Das Hemd, das den Atlantik überflog: Wie Phil Collins’ Reise den Welt-Rocktag prägte
Ein kurzärmeliges Camp-Hemd und Khakihosen wurden am 13. Juli 1985 zur unwahrscheinlichsten Bühnenkleidung der Musikgeschichte – und zum Symbol eines Tages, der in Brasilien bis heute als Dia Mundial do Rock gefeiert wird.
Es war nicht das martialische Jackett eines Freddie Mercury, nicht der Jumpsuit eines Elvis Presley – es war ein kurzärmeliges Freizeithemd, eine Khakihose und praktische Schuhe. In diesem unscheinbaren Aufzug betrat Phil Collins am 13. Juli 1985 die Bühne des Wembley-Stadions, spielte „Against All Odds“ und „In the Air Tonight“, um wenig später in einen Hubschrauber zu steigen, an Bord der Concorde den Atlantik mit mehr als doppelter Schallgeschwindigkeit zu überqueren und noch am selben Tag in Philadelphia erneut aufzutreten. Kein anderes Kleidungsstück hat diese Reise je vollbracht, und kein zweites Mal sollte ein Musiker an einem einzigen Tag auf zwei Kontinenten vor einem Milliardenpublikum stehen.

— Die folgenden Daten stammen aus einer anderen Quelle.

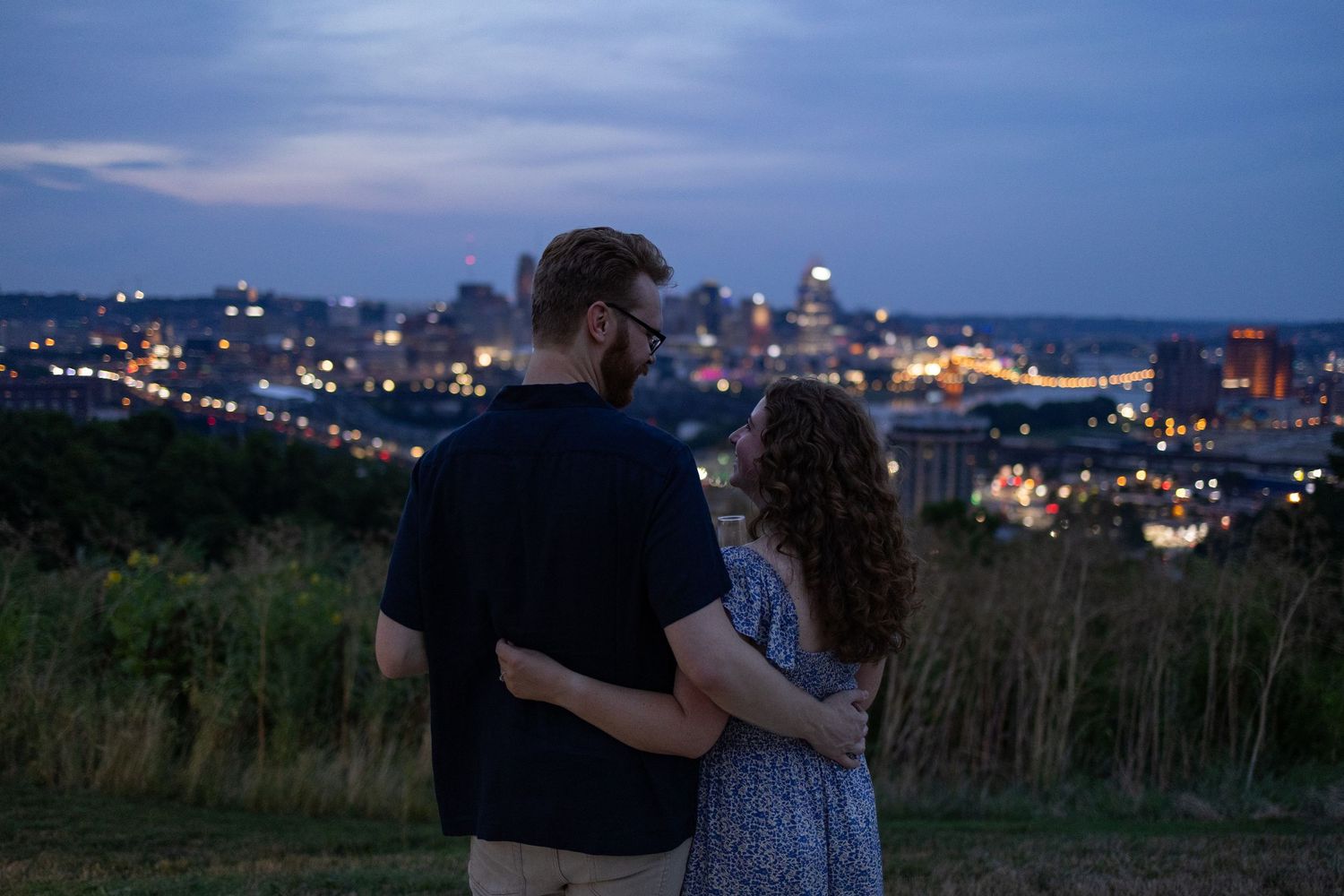 Couple embracing at dusk overlooking a glowing city skyline from a grassy hilltop.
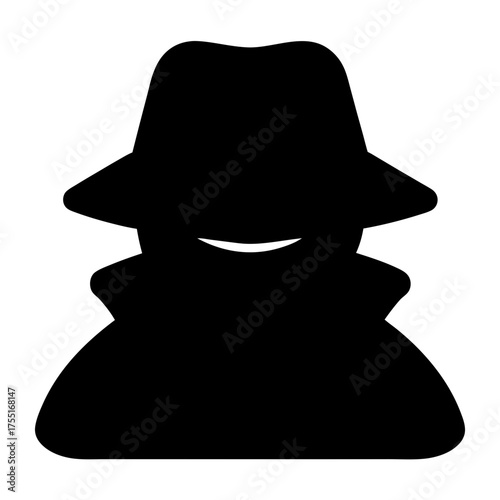 Mysterious silhouette of a person wearing a hat and coat or suit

Der Live Aid war mehr als ein Konzert. Von Bob Geldof und Midge Ure initiiert, um der Hungersnot in Äthiopien entgegenzutreten, verband er am selben Samstag das Londoner Wembley-Stadion und das John-F.-Kennedy-Stadion in Philadelphia zu einer transatlantischen Bühne. Sechzehn Stunden lang traten dort nahezu alle Größen des Genres auf: Queen, David Bowie, U2, The Who, Led Zeppelin, Paul McCartney, Elton John, Mick Jagger. Die Satellitenübertragung erreichte nach Schätzungen rund 1,5 Milliarden Menschen in über 150 Ländern. Allein die Logistik, zwei Kontinente live zu verschalten, galt als technische Kühnheit; dass Collins tatsächlich in beiden Hemisphären spielte, verdankte sich der Concorde und der fünfstündigen Zeitverschiebung – und einem Ehrgeiz, der die Grenzen des Machbaren ausreizen wollte.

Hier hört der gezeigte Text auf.